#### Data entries
——
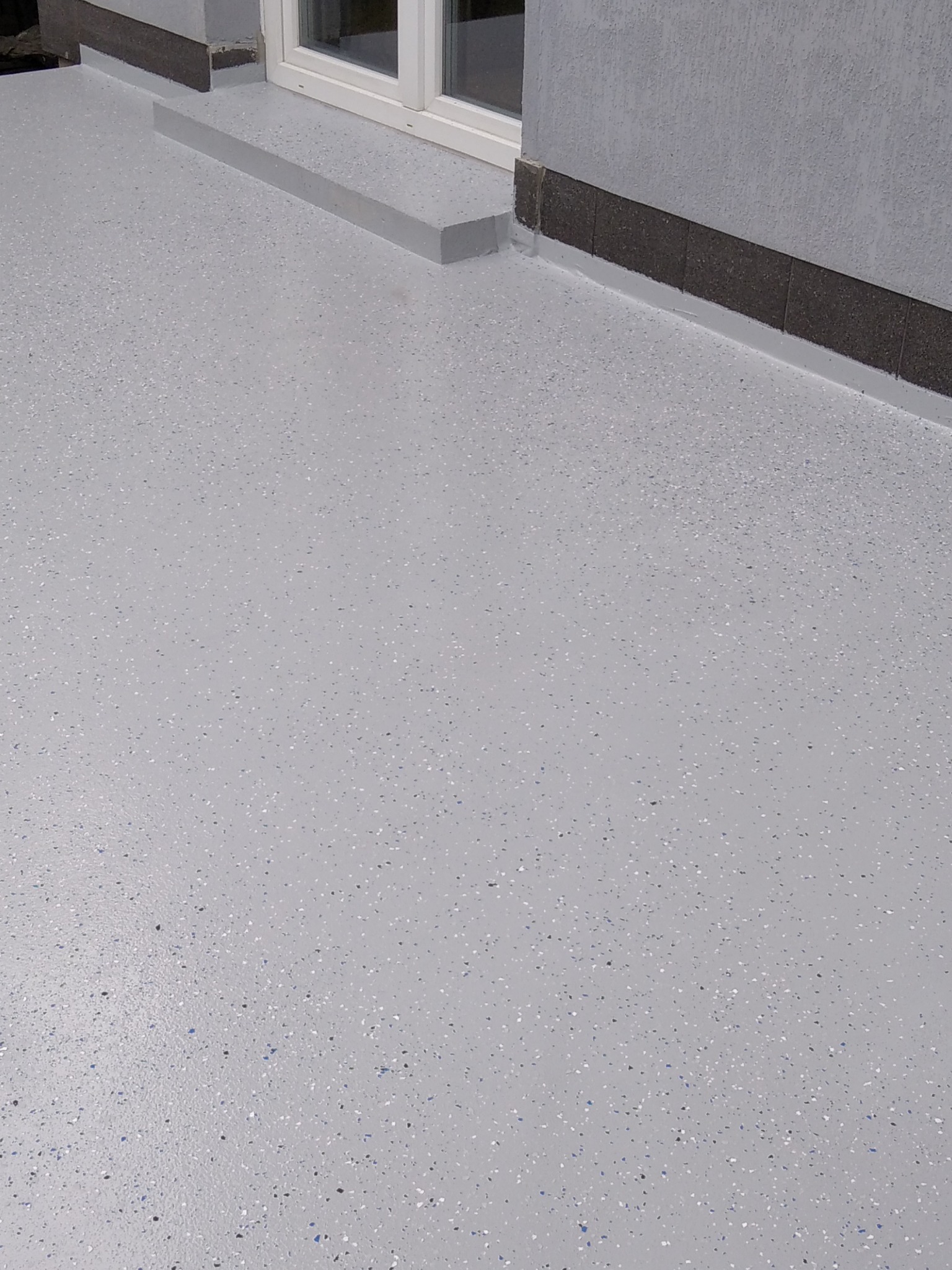 Jasnoszara, gładka powierzchnia z delikatnym, kolorowym wzorem, prawdopodobnie wykonana z żywicy, przylegająca do ściany budynku z oknem i niskim progiem.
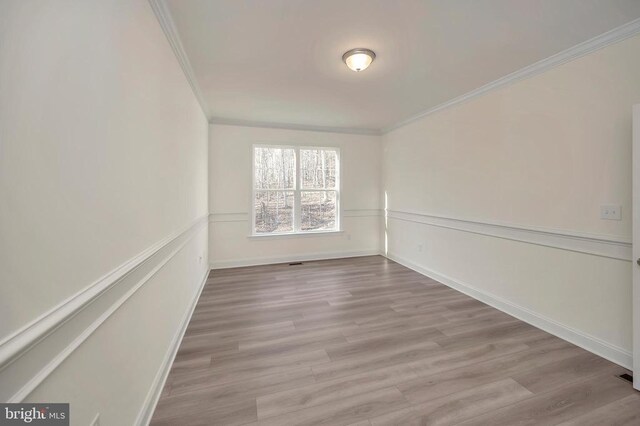  - empty room with ornamental molding, wood finished floors, and baseboards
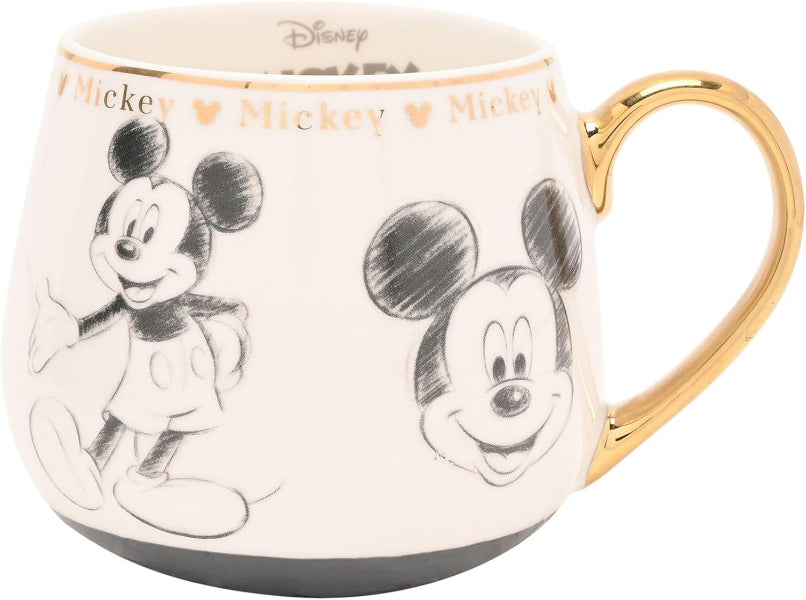 A Disney Mickey Mouse ceramic mug with a cream-colored body, black and white sketch illustrations of Mickey, gold trim, and a gold handle on a white background.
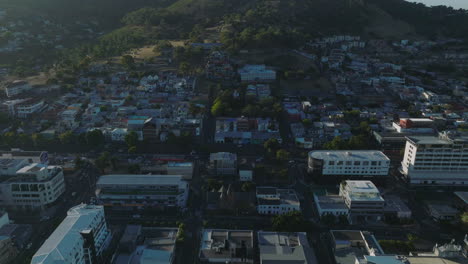 Adelante-Vuelan-Por-Encima-Del-Barrio-Urbano.-Hileras-De-Casas-Residenciales-En-Pendiente-En-Las-Afueras-De-La-Ciudad.-Carretera-Principal-Muy-Transitada.-Ciudad-Del-Cabo,-Sudáfrica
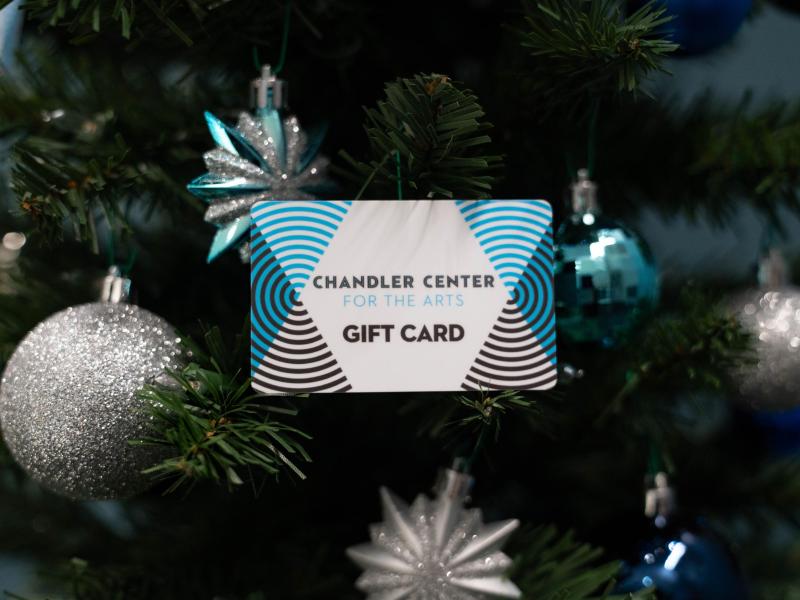 CCA gift card in tree with blue and silver ornaments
——
#### WHAT TO PRODUCE
Copy exactly the lines from the one containing "Adelante-Vuela" through the last line of the records above, including both, and omit every picture.

#### RESULT
 Adelante-Vuelan-Por-Encima-Del-Barrio-Urbano.-Hileras-De-Casas-Residenciales-En-Pendiente-En-Las-Afueras-De-La-Ciudad.-Carretera-Principal-Muy-Transitada.-Ciudad-Del-Cabo,-Sudáfrica
 CCA gift card in tree with blue and silver ornaments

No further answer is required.